A company named Marathon was never going to be judged by how fast it started. It was always going to be judged by how long it could keep going.
When Tony Cortinas and three partners launched Marathon Consulting on April 1, 2006, the date was not part of a clever marketing plan. It was not even really about April Fool’s Day.
“I would say that was more accidental than anything,” Cortinas said. “We started on April Fool’s Day, or April 1, really just to have a clean quarter.”
The timing became part of the company’s story later. So did the recession that followed. Marathon launched just before the Great Recession, with four founders, a handful of clients and no perfect runway. Cortinas said the experience proved something every founder eventually learns: there is rarely a perfect moment to take the leap.
“There’s never a perfect time to say, ‘I’m going to quit my job and start a business,’” Cortinas said.

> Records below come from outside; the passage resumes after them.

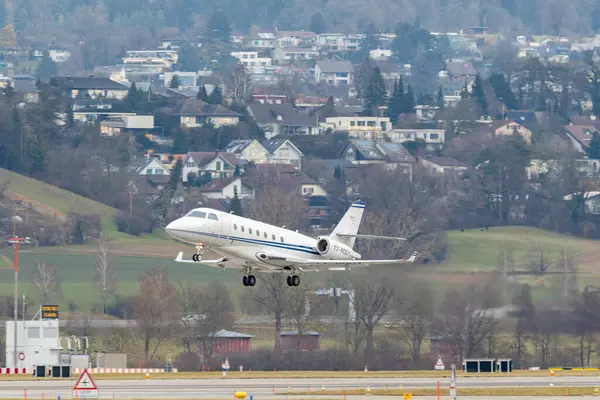 Zürih, İsviçre, 23 Ocak 2025 T7-ROGY Gulfstream G200 Galaxy uçağı Davos 'taki dünya ekonomik forumu sırasında 28. pistten kalkıyor.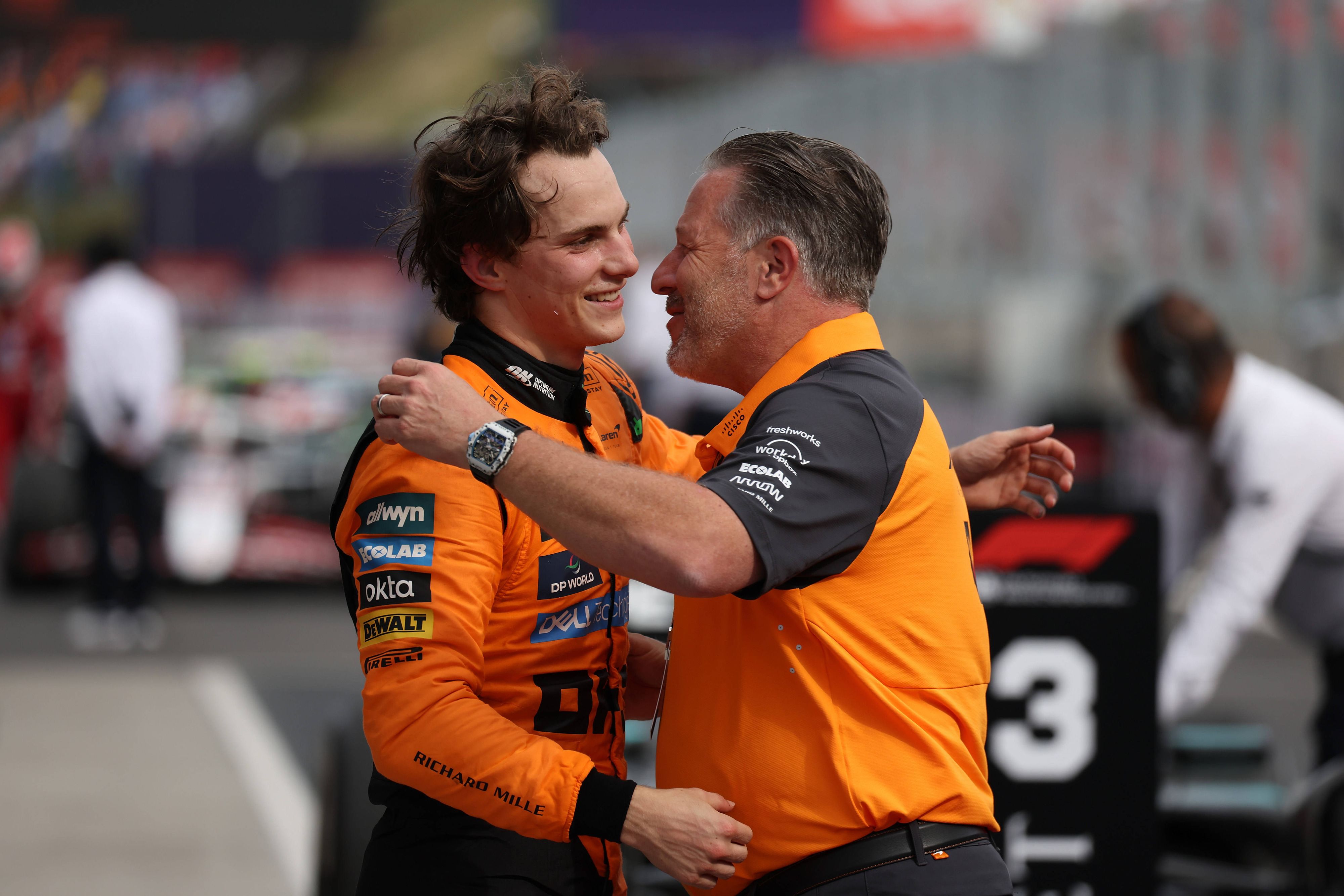 McLaren-Teamchef Zak Brown und Oscar Piastri, der WM-Führende der Formel 1. 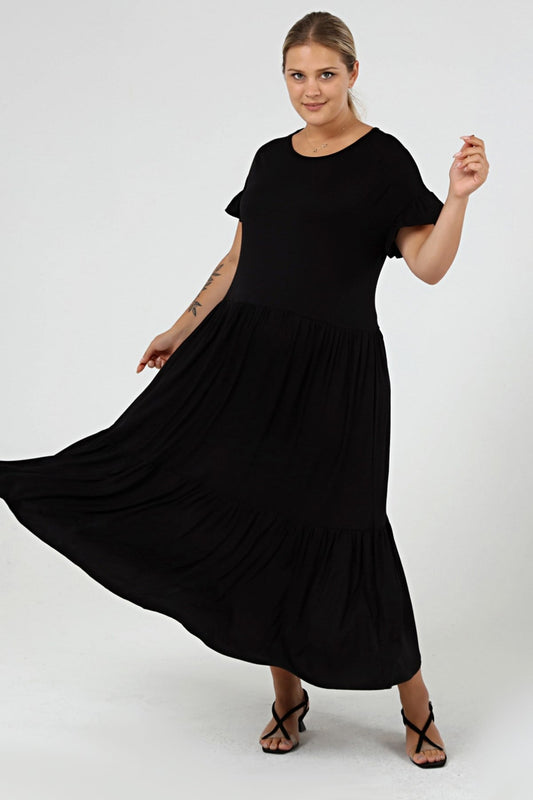 Plus Size Gathered Block Ruffle Sleeve Black Dress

The opportunity came from a gap the founders saw in the Hampton Roads market. They had worked for a national IT consulting company that was eventually acquired by a larger global firm. As the model shifted toward billion-dollar clients and massive IT budgets, Cortinas and his partners believed there was still a real need for high-quality local consulting.
They did not build Marathon with a flashy launch or outside investment. They built it carefully. The four founders rolled into the company in phases, each going two months without getting paid to help create early cash flow. The company secured a line of credit from TowneBank, and the founders personally guaranteed it.
From the start, the goal was not just to win the first engagement. It was to build something that could last beyond it.
That is where the company’s name became more than a name.
“Most of us were athletic and liked sports,” Cortinas said. “We were literally in the office trying to come up with a name, and Marathon came out.”
The name gave the team a theme they could keep building around. Go the distance. Stay in the race. Keep moving. Even the early logo leaned into it, with the “T” designed as a runner crossing the finish line. Over time, the metaphor became part of the company’s culture.
“We’ve stuck to the Marathon theme pretty well,” Cortinas said.
But the real marathon was never the branding. It was the business itself.
Today, Marathon has grown from four founders and four clients into a Hampton Roads-based IT services company with an office in Richmond, about 125 consultants and more than 600 clients served. The company focuses on application development, data solutions and IT advisory services for commercial clients in Virginia and across the country.
That growth did not come from chasing every opportunity or lowering standards to move faster. Cortinas said Marathon’s mission has stayed grounded in finding talented people and giving clients a high level of service.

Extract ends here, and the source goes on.